Pour cette gravure encore, le symbolisme alchimique propose une interprétation cohérente. 

La croix inscrite dans un cercle est un symbole universellement solaire. En alchimie, les quatre branches de la croix peuvent également symboliser le temps (les quatre saisons de l'année) ou les quatre éléments (1) - air, feu, eau, terre -, mais le rayonnement de l'énergie ou du "feu" céleste est représenté par l'aigle dont les ailes forment les rayons du cercle solaire et dont les pattes (l'une à peine esquissée) forment une sorte d'éclair sinueux. Des trois principes alchimiques (mercure, sel, soufre), l'aigle représente le plus volatil, le sel, chargé d'attirer comme un aimant l'énergie céleste, et dont la double nature est figurée par les deux têtes. La forte énergie que renferme l'agent salin se manifeste en détonations lorsque, mêlé à la matière de l'oeuvre, il est soumis à l'action du feu naturel. 

Par ailleurs, il est important de remarquer que les deux têtes de l'aigle sont dessinées en forme de croissant lunaire. Ce qui ne surprendra guère l'alchimiste conscient du rôle important de la lune dans le processus de l'Oeuvre. 

Les deux animaux qui encadrent le motif central et qui portent au cou le collier de la domestication, sont très vraisemblablement des animaux hybrides, c'est-à-dire des chiens dotés de queues de lion. Dans le symbolisme alchimique, se sont le chien d'Arménie et la chienne de Corascene, l'un étant le soufre ou élément mâle de la pierre, et l'autre étant le mercure ou élément féminin (fig. 15).


Fig. 15 - Val de Fontanalba. Motif solaire encadré par deux chiens.

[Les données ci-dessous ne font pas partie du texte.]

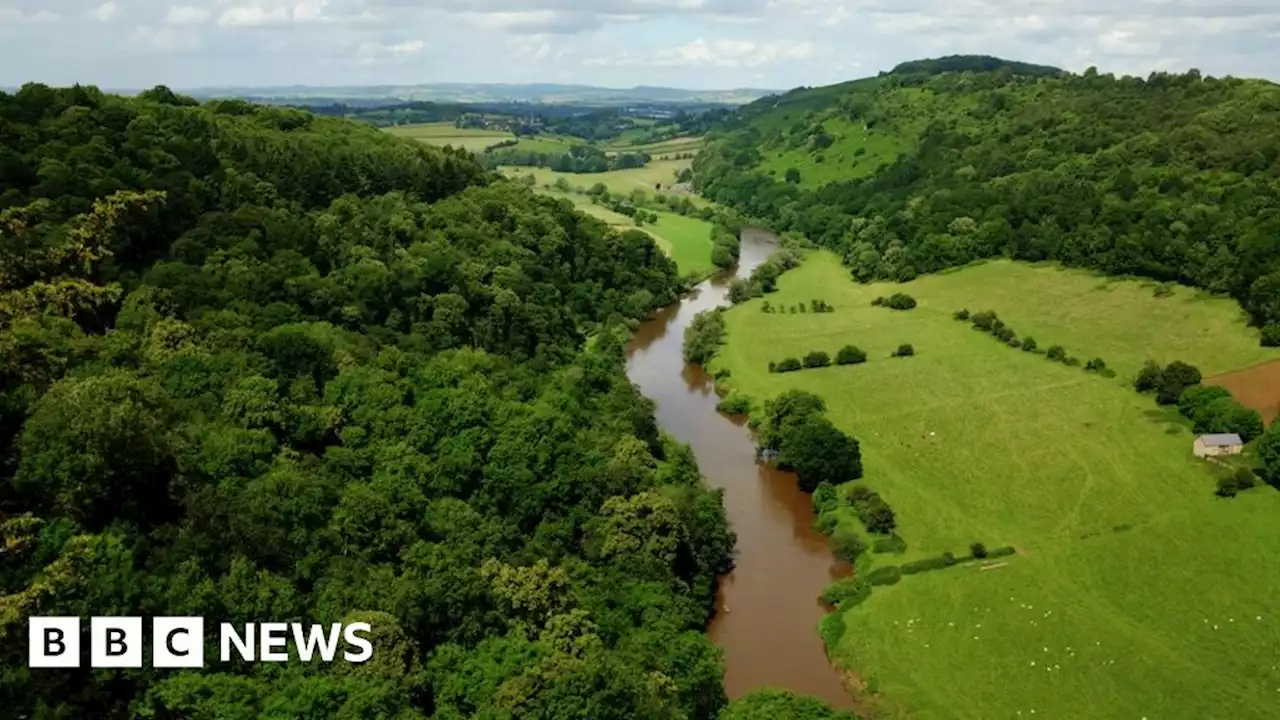 Plea for wildlife sightings in Herefordshire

Détail important, l'animal de gauche prend dans sa gueule une des têtes de l'aigle. En effet, dans l'oeuvre alchimique, le mercure se nourrit du "feu" céleste que lui prodigue le sel. Le mercure deviendra ainsi le lion vert. Ensuite, le soufre, le chien d'Arménie, régénéré par le lion vert, deviendra le lion rouge. On comprend ainsi pourquoi les deux chiens ont une queue de lion ; c'est parce qu'ils ont la potentialité de devenir lion, l'un vert, l'autre rouge. 

A peu de distance de la partie inférieure droite de la chapelle-athanor, on trouve un petit motif gravé semi-circulaire dont la surface interne, finement quadrillée en losanges, évoque soit des écailles de poissons soit un travail de vannerie (fig. 16). 

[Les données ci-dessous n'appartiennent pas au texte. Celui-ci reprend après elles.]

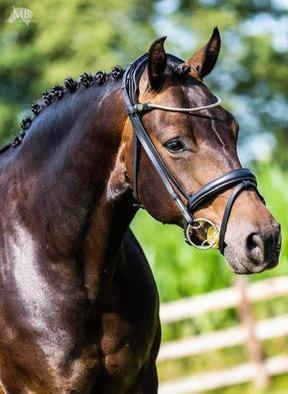 Finesse bridle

Fig. 16 - Val de Fontanalba -
Représentation de la matière première de l'oeuvre alchimique


A n'en pas douter, c'est la matière première de l'oeuvre qui est ici représentée. Les auteurs des textes alchimiques présentent la matière minérale comme d'aspect écailleux, ce qui lui vaut d'être assimilée à un dragon. Mais, considérant le dessin régulier en profil de coupe, il s'agit plus vraisemblablement de la représentation de la matière après les trois premières purifications, lorsque le lingot est entouré d'un fin réseau tressé comme une corbeille (2). La matière est alors appelée le chymica vanus, le van chimique, la corbeille de Bacchus. 

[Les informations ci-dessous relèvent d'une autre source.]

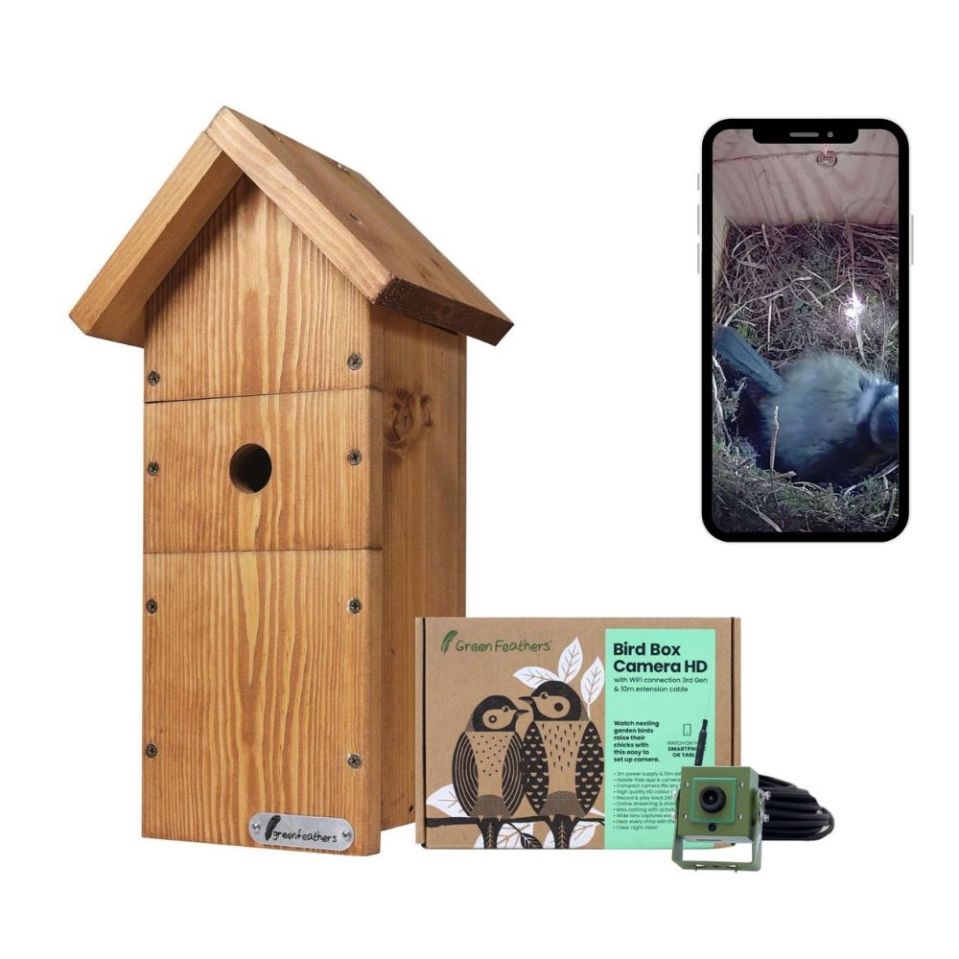 Find our what your feathered friends are up to with this amazing camera bundle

Le dessin de la gravure rappelle également la forme du creuset. En effet, il est dit de la matière de l'oeuvre alchimique qu'elle est le contenu et le contenant. Après le décryptage des gravures des deux roches de Fontanalba, il reste, dans l'avenir, à rechercher une meilleure compréhension des inscriptions (3) et tenter de trouver des informations sur l'auteur de ces gravures qui semble être l'alchimiste lui-même : Antonio Dolsa, dont le nom de famille est inconnu dans la vallée de la Roya. 


Notes :

(1) Cf. Fulcanelli, Le mystère des cathédrales, 1957, planche VII
(2) Gibert (J.-F.) - 1995, Propos sur la Chrysopée, p. 161
(3) Notamment lʼinscription : ANTONIO PASTO CEL (ou CELI), pour laquelle
      nous nʼavons pas actuellement de signification satisfaisante.


Bibliographie :

Aromatio (A.) - 1996. Alchimie, le grand secret, Découvertes Gallimard. 
Canselier (E.) - 1972. L'alchimie expliquée sur ses textes classiques, Edit. J.-J. Pauvert. 
   - 1978. Alchimie, Edit. J.-J. Pauvert. 
   - 1986. Introduction et commentaires du Mutus Liber (1677), Edit. Suger. 
Fulcanelli - 1957. Le mystère des cathédrales. Omnium Littéraire. 
Gibert (J.-F.) - 1995. Propos sur la Chrysopée, Dervy. 
Klossowski (S.) - 1974. Alchimie, florilège de l'art secret, Edit. du Seuil. 
Pernety (Dom) - 1787. Dictionnaire mytho-hermétique. (réédit. en 1972) Bibliotheca Hermetica. Valentin (B.) - 1956. Les douze clefs de la philosophie, Edit. de Minuit.